### RECORDS FOR THIS TASK
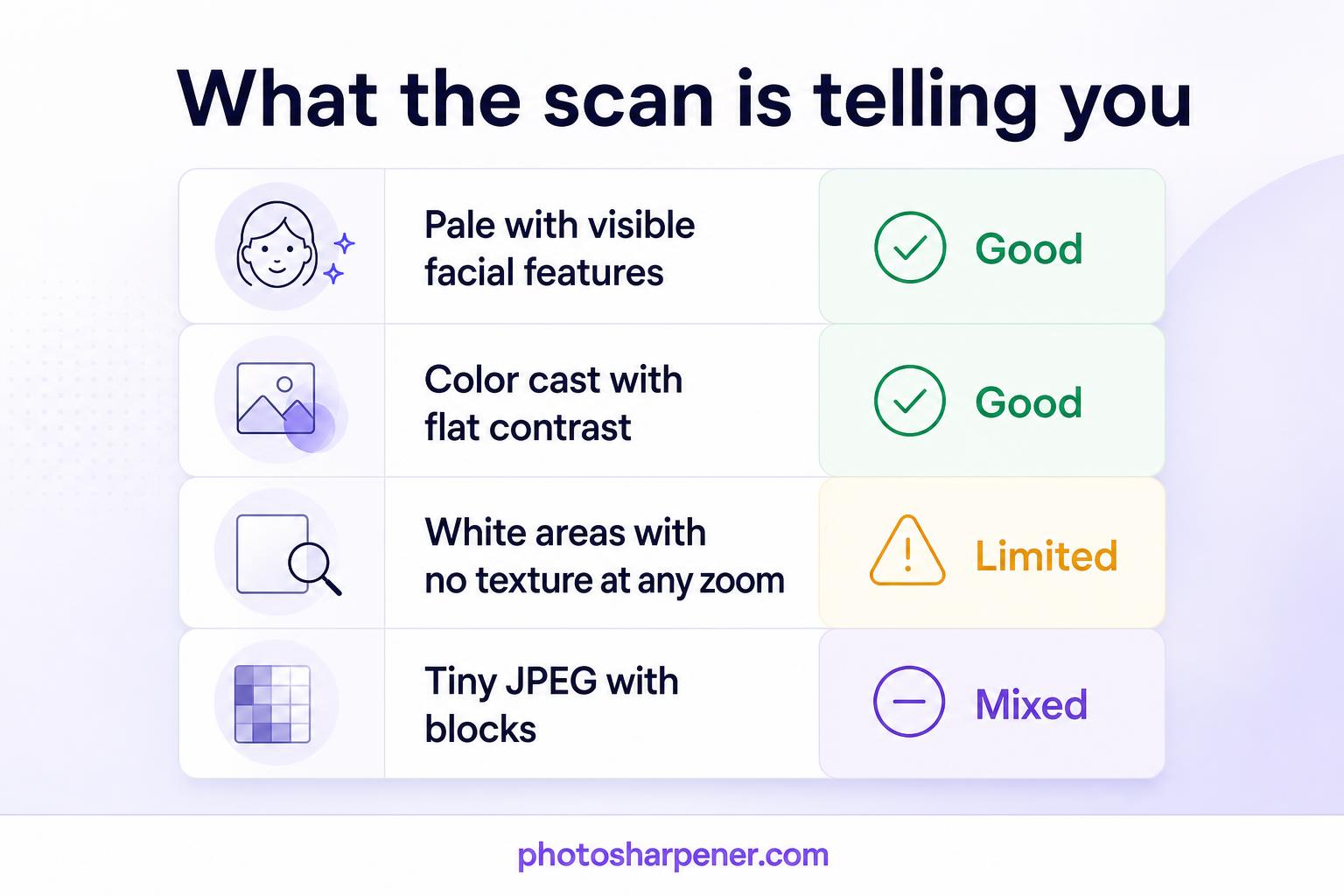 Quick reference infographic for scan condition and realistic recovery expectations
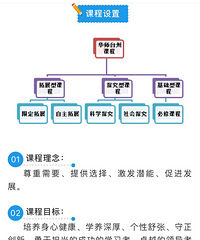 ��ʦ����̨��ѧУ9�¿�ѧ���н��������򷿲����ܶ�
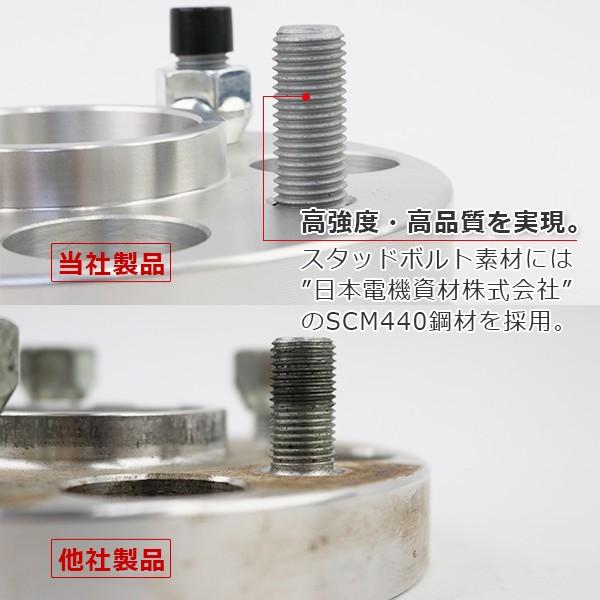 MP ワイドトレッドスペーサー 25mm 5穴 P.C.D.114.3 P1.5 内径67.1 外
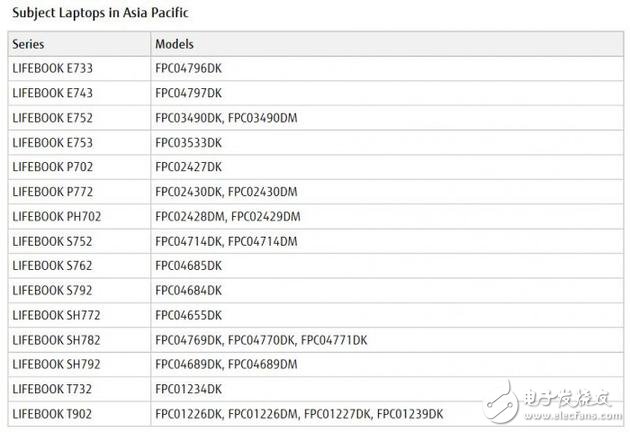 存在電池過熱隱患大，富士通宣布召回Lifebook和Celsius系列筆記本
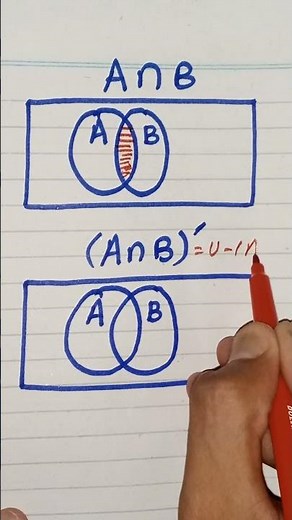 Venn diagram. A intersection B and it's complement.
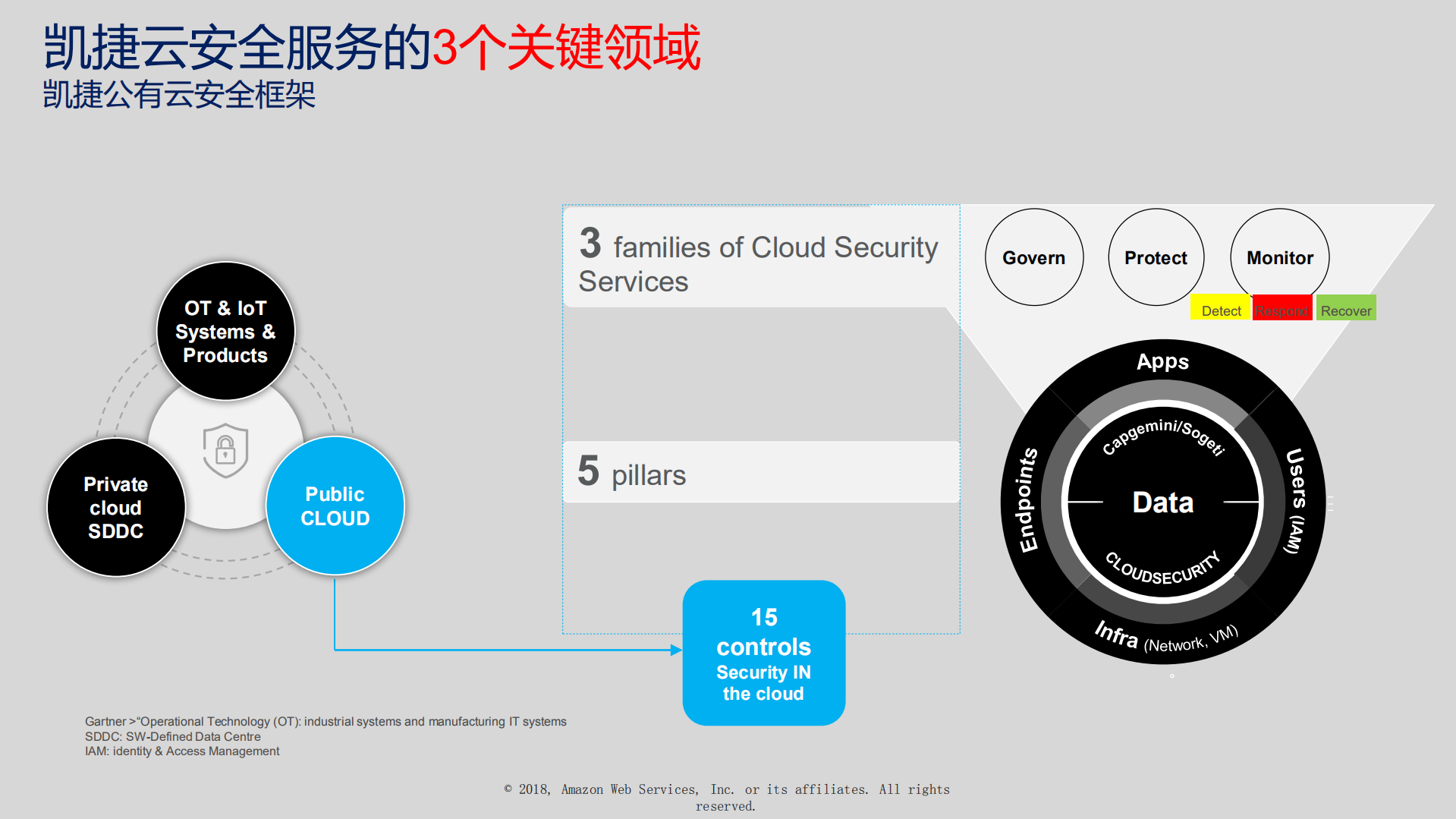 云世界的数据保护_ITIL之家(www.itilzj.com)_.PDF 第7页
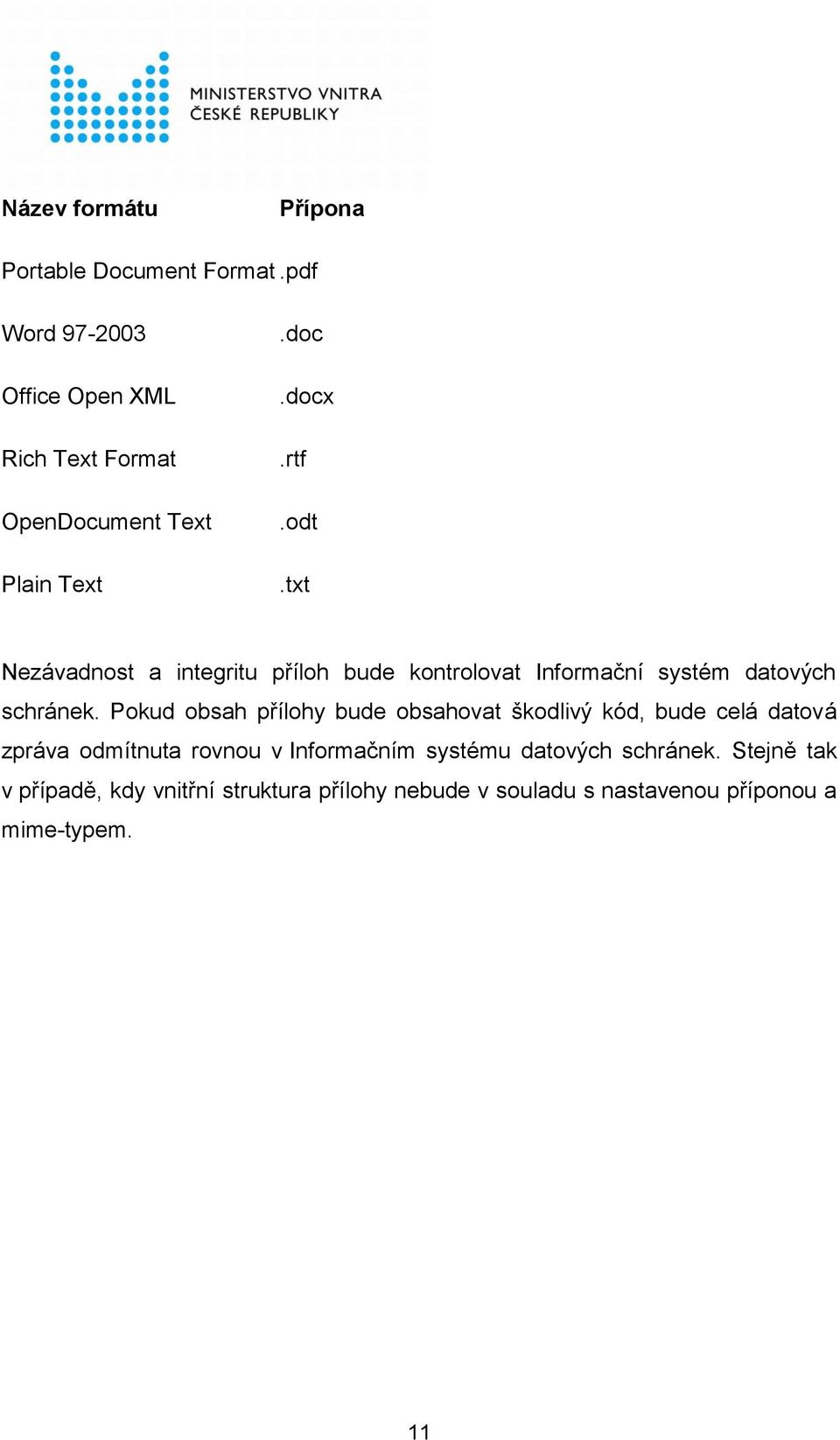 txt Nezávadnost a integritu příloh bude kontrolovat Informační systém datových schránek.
---
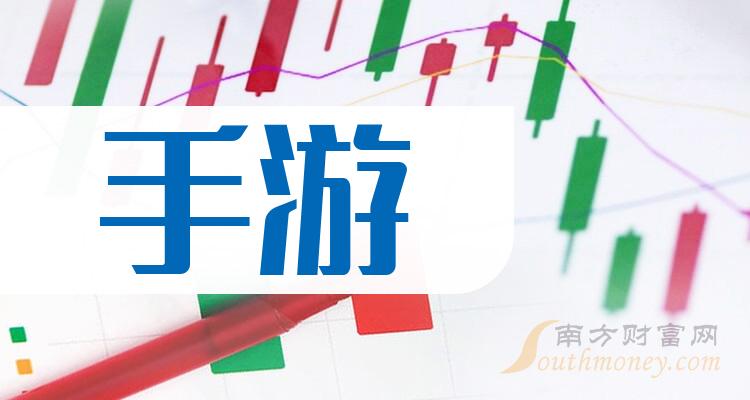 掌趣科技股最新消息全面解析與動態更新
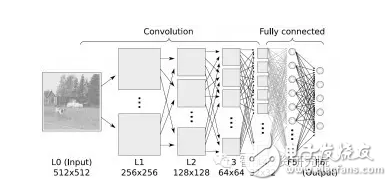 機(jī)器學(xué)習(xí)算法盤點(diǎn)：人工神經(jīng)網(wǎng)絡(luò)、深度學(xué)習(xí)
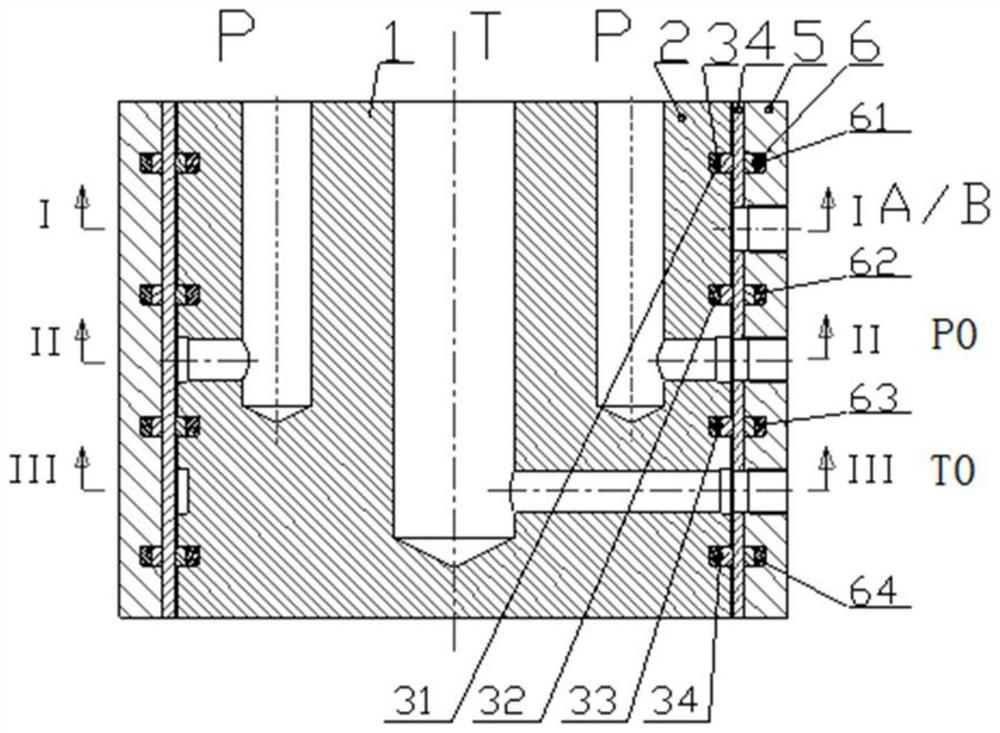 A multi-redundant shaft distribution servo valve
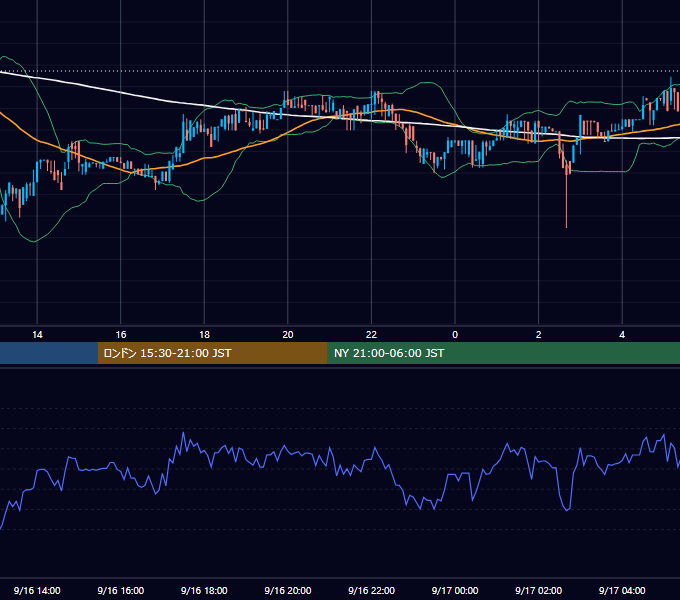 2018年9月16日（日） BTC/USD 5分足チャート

### EXERCISE
Look above for the line with "Quick reference infographic" and the line with "txt Nezávadnost a"; set down those two lines and all lines between them exactly, without pictures and without anything else.

### ANSWER TO THE EXERCISE
 Quick reference infographic for scan condition and realistic recovery expectations
 ��ʦ����̨��ѧУ9�¿�ѧ���н��������򷿲����ܶ�
 MP ワイドトレッドスペーサー 25mm 5穴 P.C.D.114.3 P1.5 内径67.1 外
 存在電池過熱隱患大，富士通宣布召回Lifebook和Celsius系列筆記本
 Venn diagram. A intersection B and it's complement.
 云世界的数据保护_ITIL之家(www.itilzj.com)_.PDF 第7页
 txt Nezávadnost a integritu příloh bude kontrolovat Informační systém datových schránek.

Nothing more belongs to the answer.